● EXERCISE
Pictures stay out of the copy. Retype exactly, and only, the lines from the one containing "BSc 2nd Year" through the end of the listing below.

● SUPPLIED MATERIAL

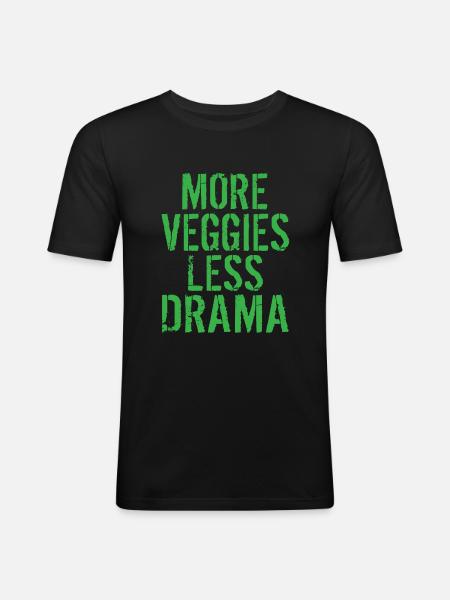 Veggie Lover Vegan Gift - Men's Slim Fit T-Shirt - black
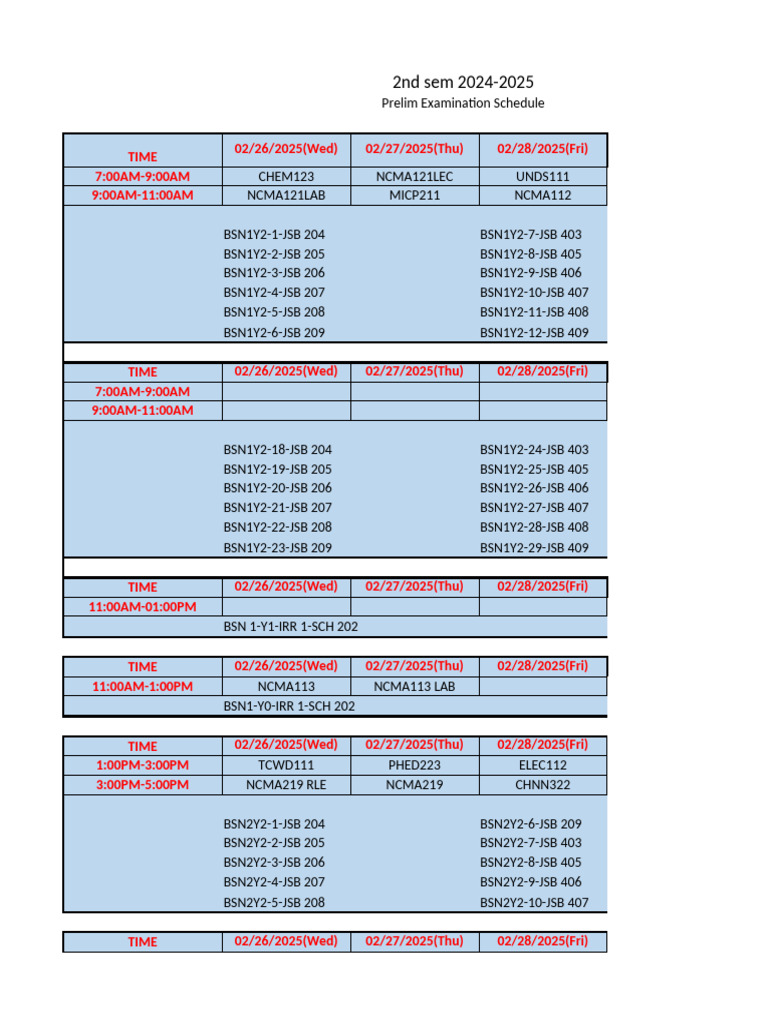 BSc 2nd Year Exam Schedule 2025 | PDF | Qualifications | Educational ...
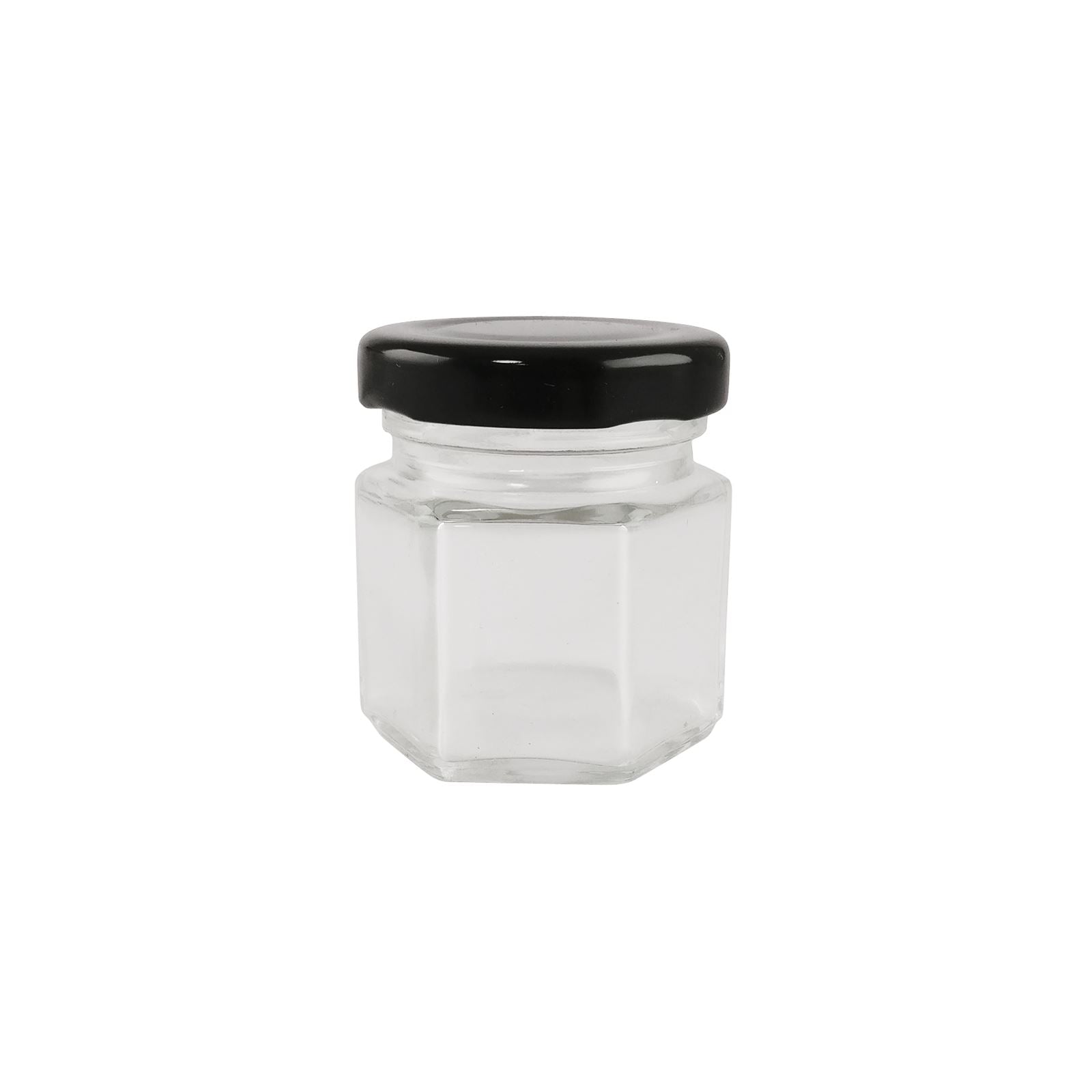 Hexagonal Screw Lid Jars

● ANSWER TO THIS EXERCISE
 BSc 2nd Year Exam Schedule 2025 | PDF | Qualifications | Educational ...
 Hexagonal Screw Lid Jars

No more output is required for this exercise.